Data records below:

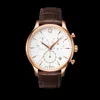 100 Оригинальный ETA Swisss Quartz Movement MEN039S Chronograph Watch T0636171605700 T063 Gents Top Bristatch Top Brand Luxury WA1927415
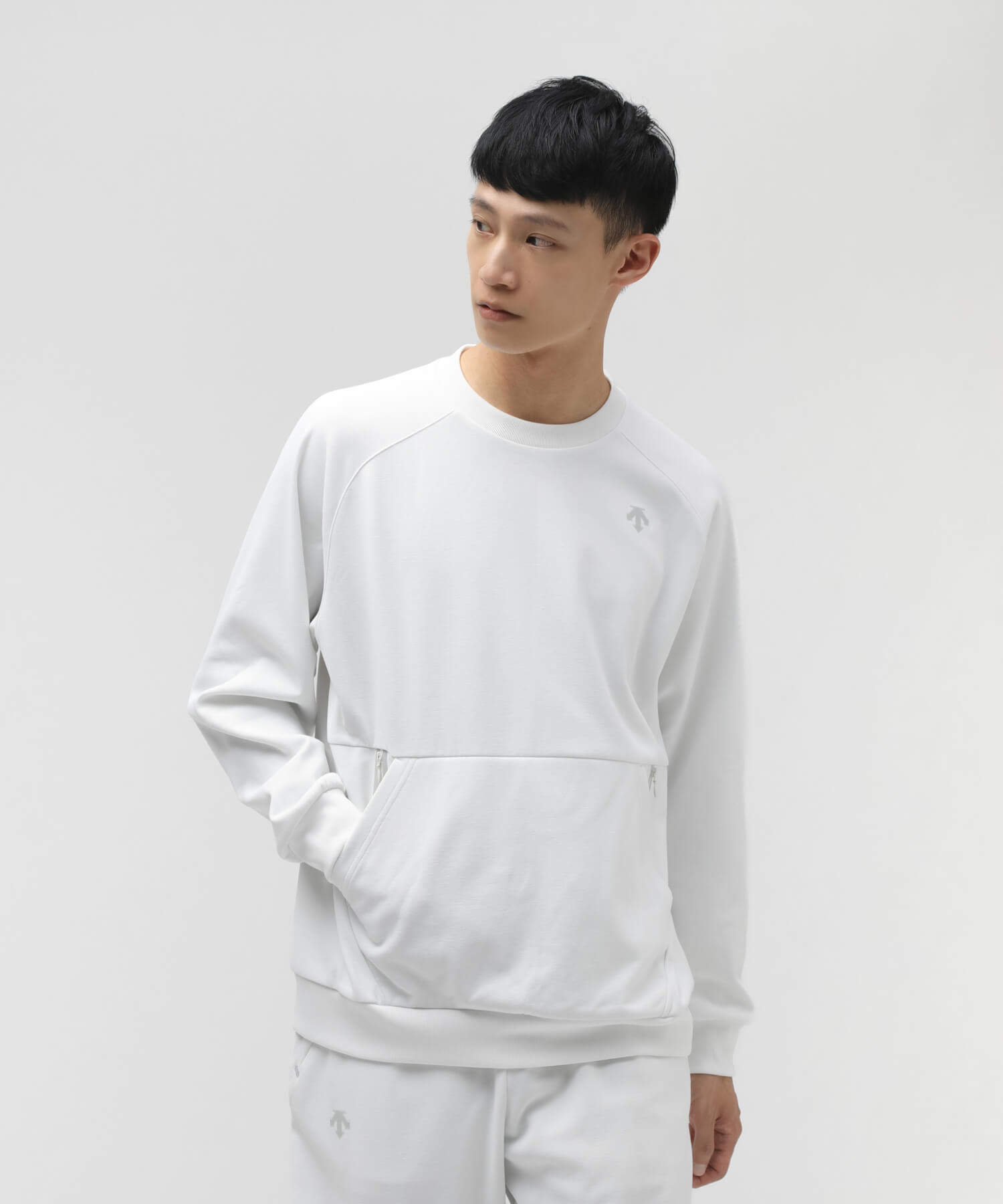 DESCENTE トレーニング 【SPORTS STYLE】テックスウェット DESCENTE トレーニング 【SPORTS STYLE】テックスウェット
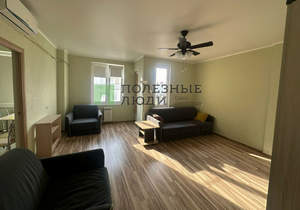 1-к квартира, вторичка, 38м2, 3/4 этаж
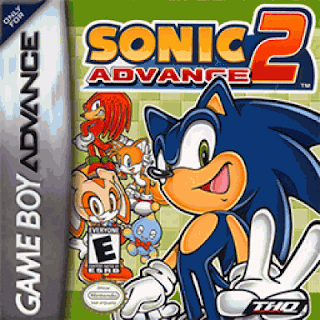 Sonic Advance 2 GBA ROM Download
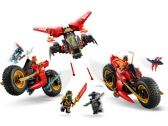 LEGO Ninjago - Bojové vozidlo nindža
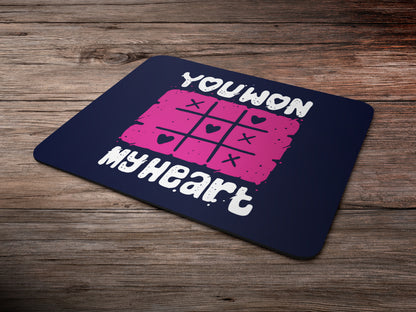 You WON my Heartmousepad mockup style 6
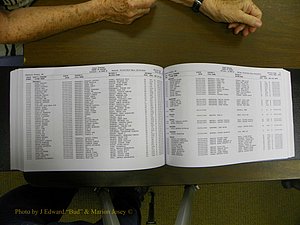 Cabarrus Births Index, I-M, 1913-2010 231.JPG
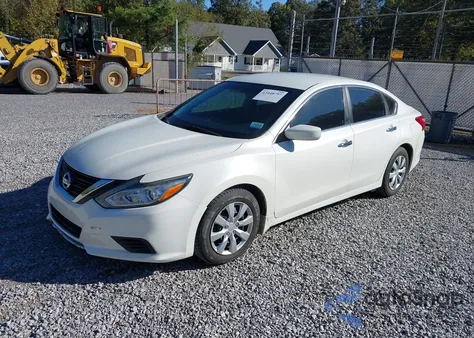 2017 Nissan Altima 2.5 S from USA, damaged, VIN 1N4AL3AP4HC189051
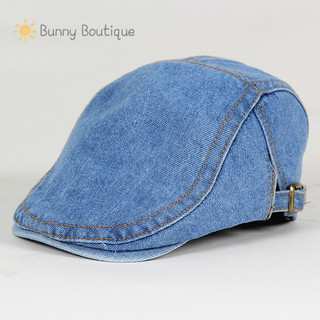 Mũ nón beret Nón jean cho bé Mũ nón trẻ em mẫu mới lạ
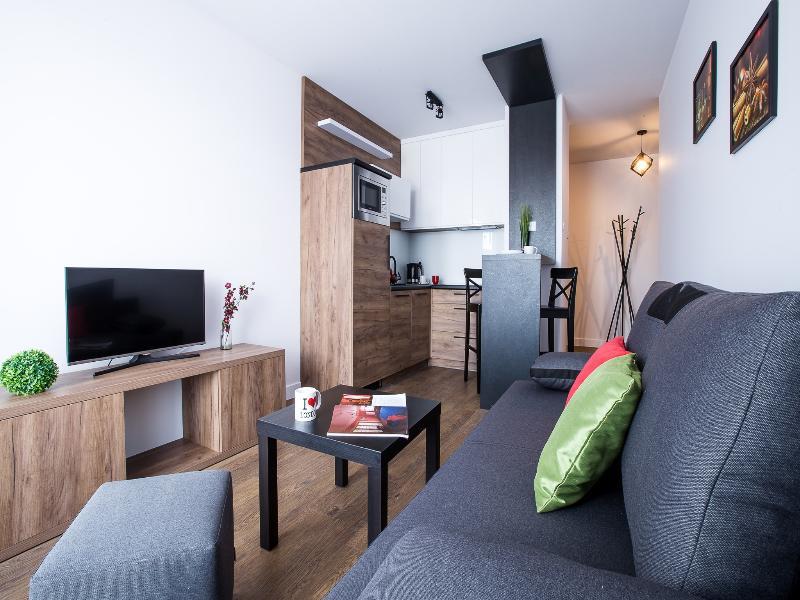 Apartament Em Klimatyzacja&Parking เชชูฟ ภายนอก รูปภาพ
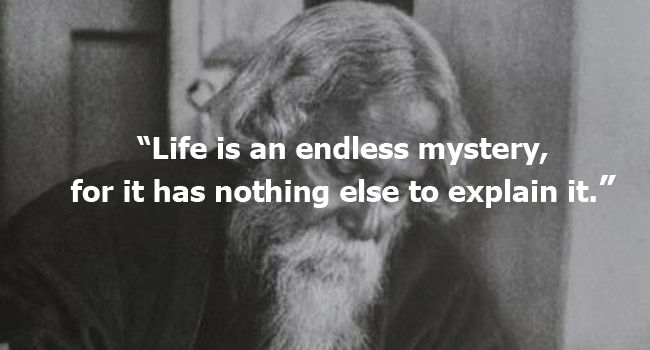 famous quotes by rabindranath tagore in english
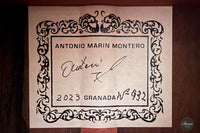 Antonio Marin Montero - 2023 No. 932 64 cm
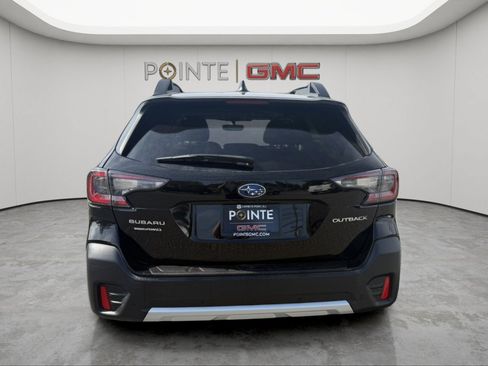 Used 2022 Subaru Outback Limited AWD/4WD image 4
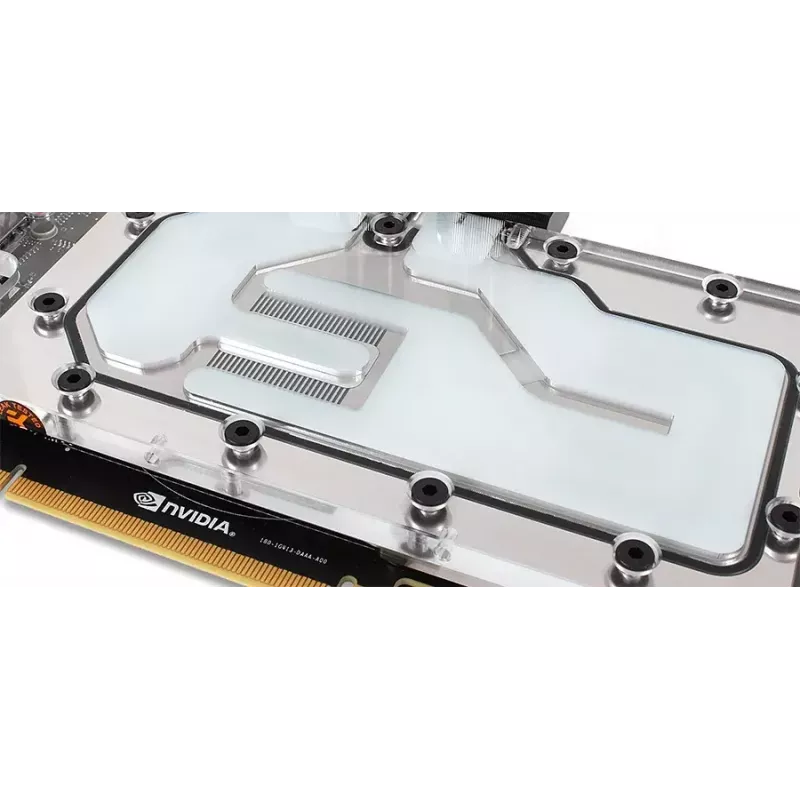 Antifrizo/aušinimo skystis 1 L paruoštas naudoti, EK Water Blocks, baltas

End of Data records.

[What you have to do] Transcribe, without alteration, each line from the one with "Sonic Advance 2 GBA ROM Download" through the last line of the data; no pictures belong in the copy.

[Result]
 Sonic Advance 2 GBA ROM Download
 LEGO Ninjago - Bojové vozidlo nindža
 You WON my Heartmousepad mockup style 6
 Cabarrus Births Index, I-M, 1913-2010 231.JPG
 2017 Nissan Altima 2.5 S from USA, damaged, VIN 1N4AL3AP4HC189051
 Mũ nón beret Nón jean cho bé Mũ nón trẻ em mẫu mới lạ
 Apartament Em Klimatyzacja&Parking เชชูฟ ภายนอก รูปภาพ
 famous quotes by rabindranath tagore in english
 Antonio Marin Montero - 2023 No. 932 64 cm
 Used 2022 Subaru Outback Limited AWD/4WD image 4
 Antifrizo/aušinimo skystis 1 L paruoštas naudoti, EK Water Blocks, baltas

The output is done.